→ TASK ITEM:
Nothing but the lines from the one holding "Buffalo. Thai water" through the last line of the material below should be set down, exactly and without images.

---- RECORDS SUPPLIED

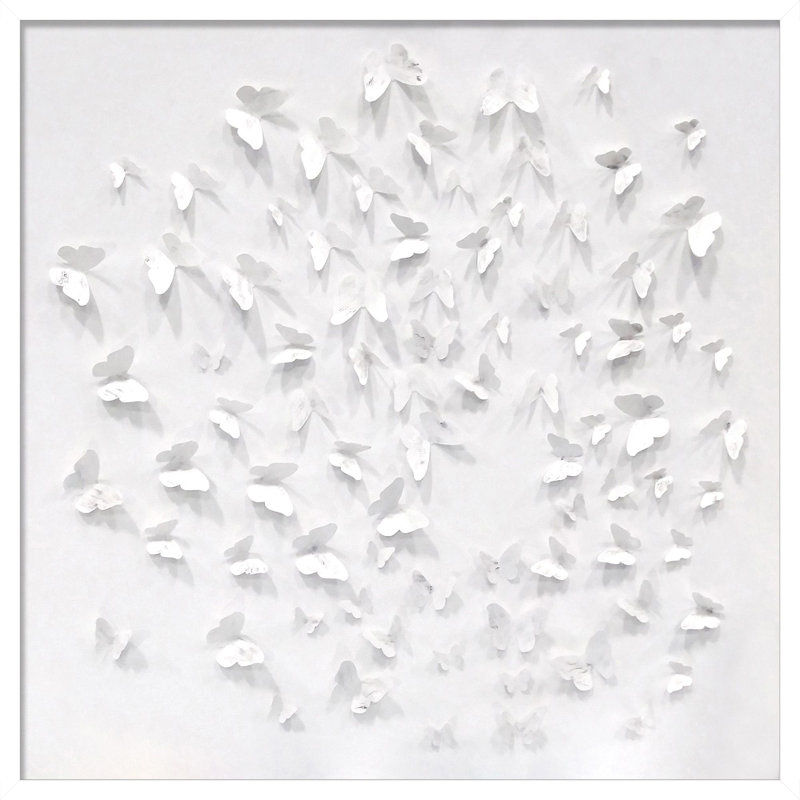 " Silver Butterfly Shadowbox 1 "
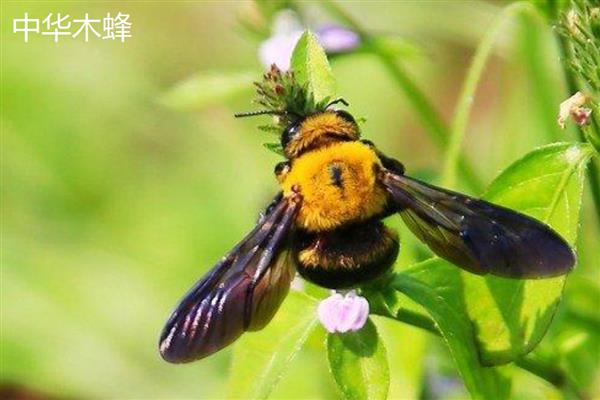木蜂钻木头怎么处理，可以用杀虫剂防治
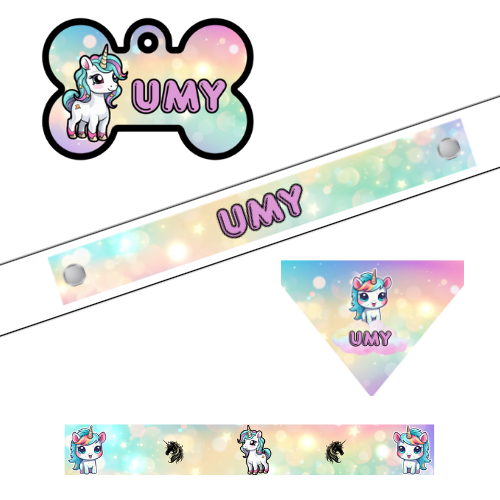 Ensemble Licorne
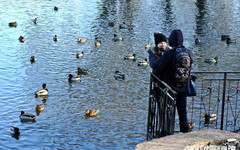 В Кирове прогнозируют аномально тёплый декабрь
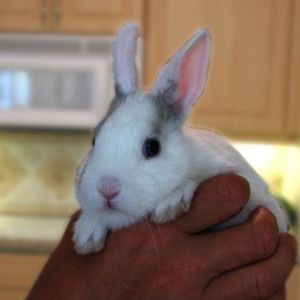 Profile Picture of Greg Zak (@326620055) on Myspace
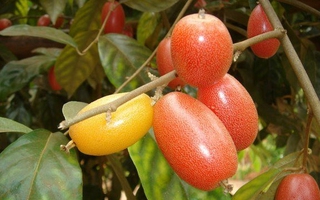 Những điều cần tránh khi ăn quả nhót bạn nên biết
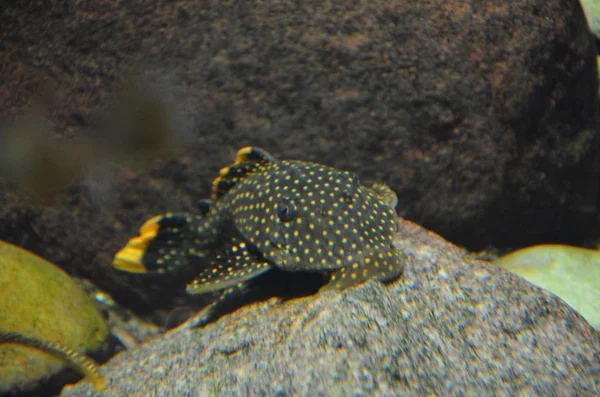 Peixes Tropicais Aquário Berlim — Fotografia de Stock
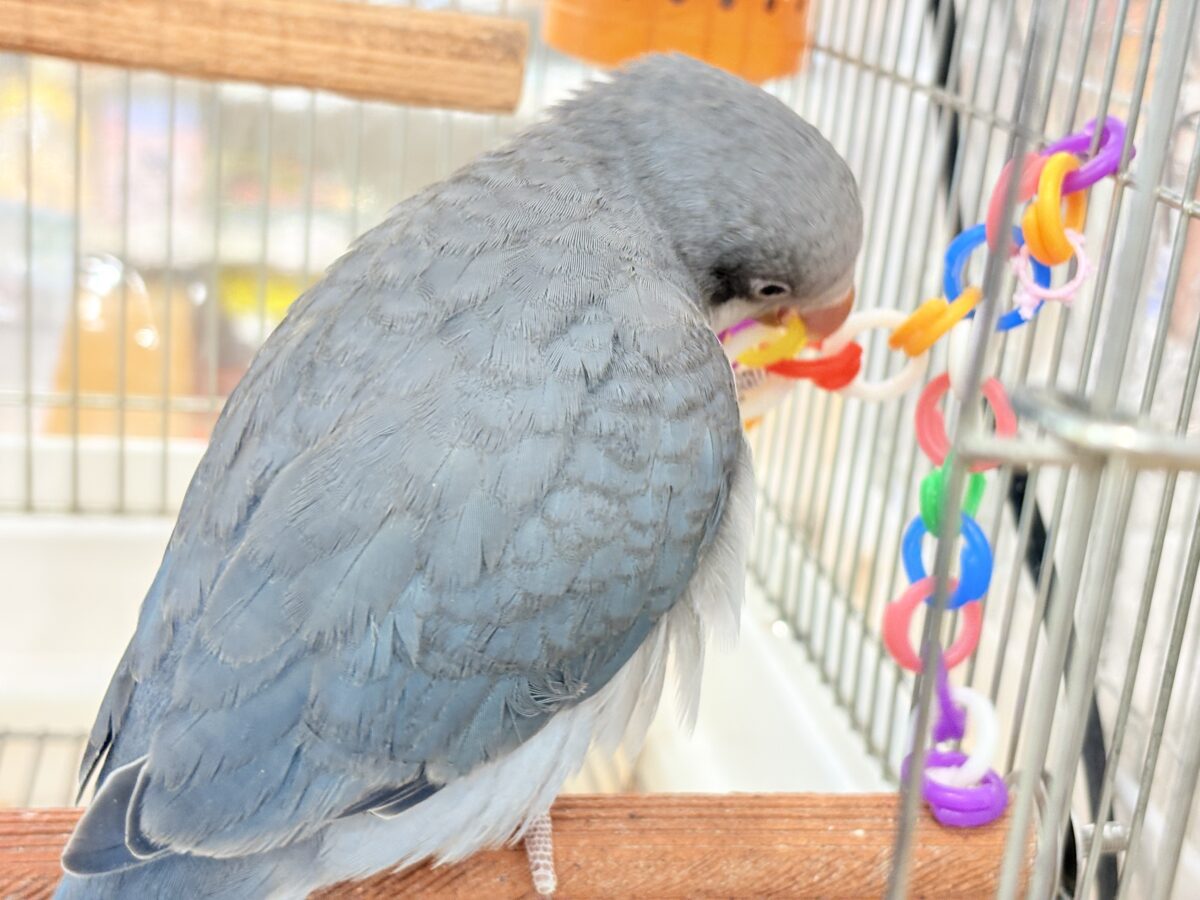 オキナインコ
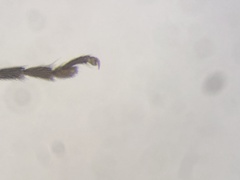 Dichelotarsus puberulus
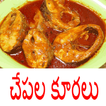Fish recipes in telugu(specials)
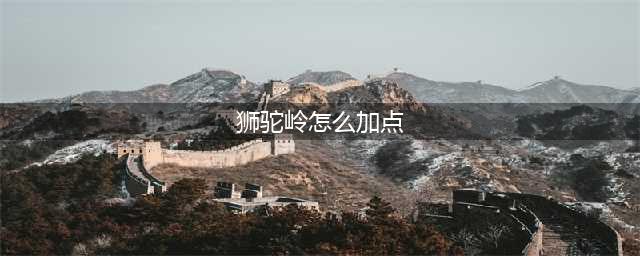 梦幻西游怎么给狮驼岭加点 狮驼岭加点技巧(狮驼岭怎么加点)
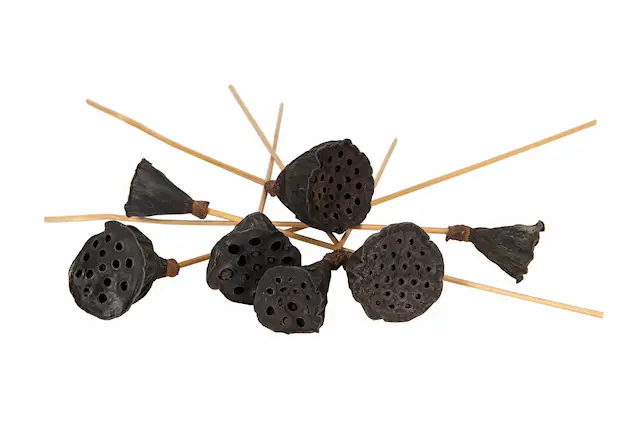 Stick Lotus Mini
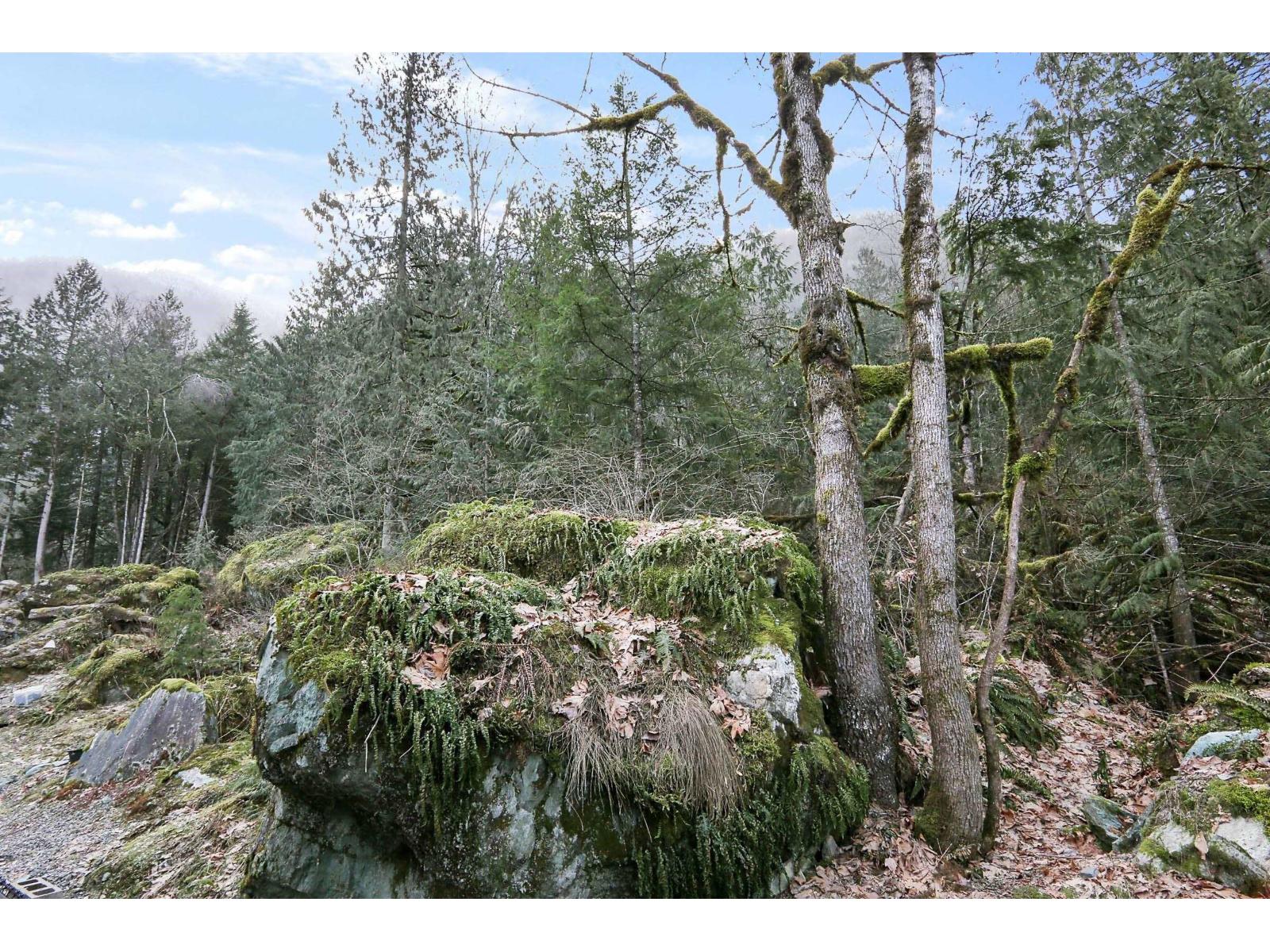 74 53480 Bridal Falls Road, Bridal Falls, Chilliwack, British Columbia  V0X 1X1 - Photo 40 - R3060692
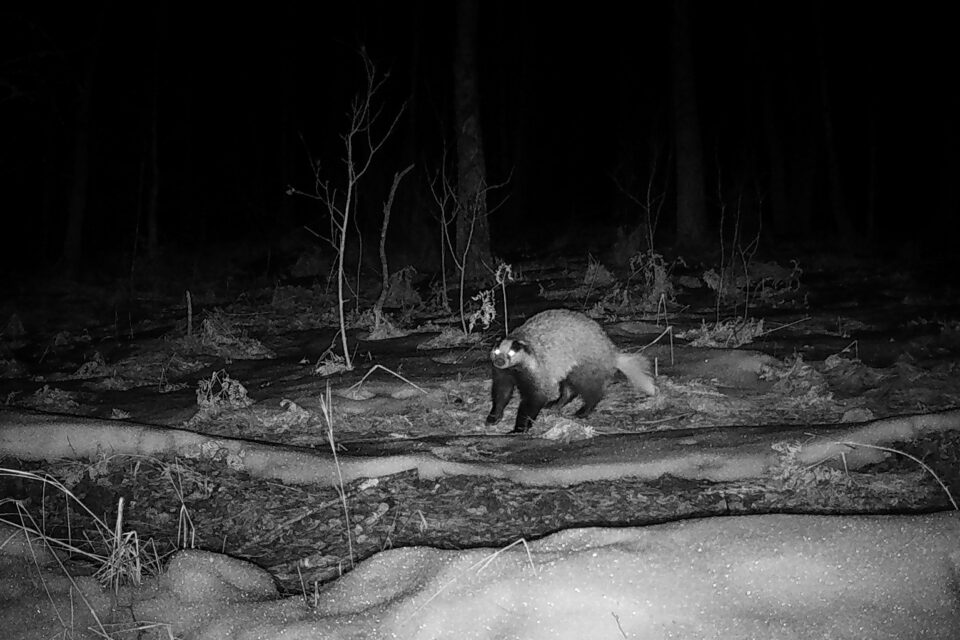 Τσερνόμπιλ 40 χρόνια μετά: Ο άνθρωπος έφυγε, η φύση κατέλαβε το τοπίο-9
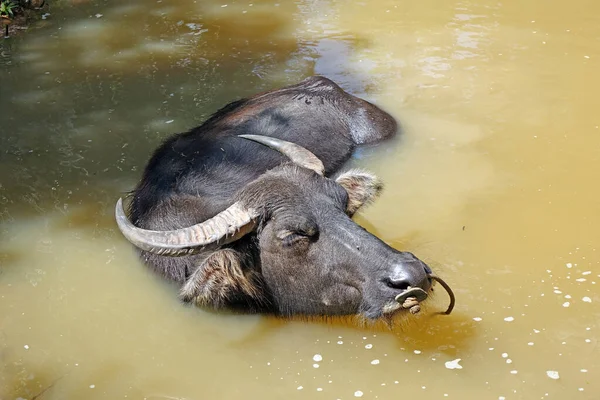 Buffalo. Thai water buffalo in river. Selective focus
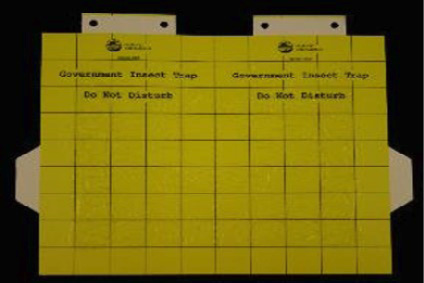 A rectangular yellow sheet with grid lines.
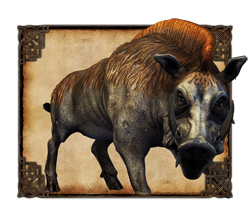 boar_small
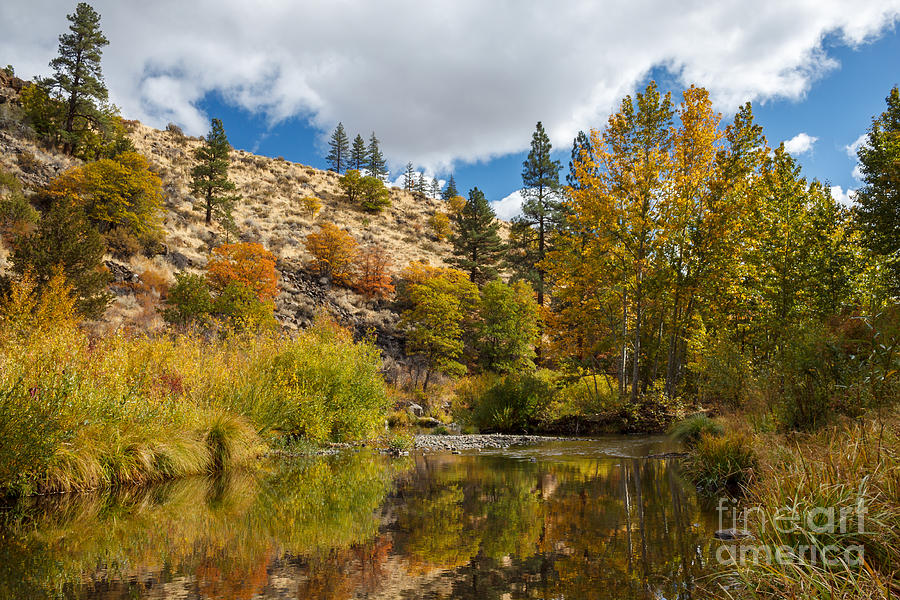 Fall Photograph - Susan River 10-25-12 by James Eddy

--------

→ PROBLEM SOLUTION:
 Buffalo. Thai water buffalo in river. Selective focus
 A rectangular yellow sheet with grid lines.
 boar_small
 Fall Photograph - Susan River 10-25-12 by James Eddy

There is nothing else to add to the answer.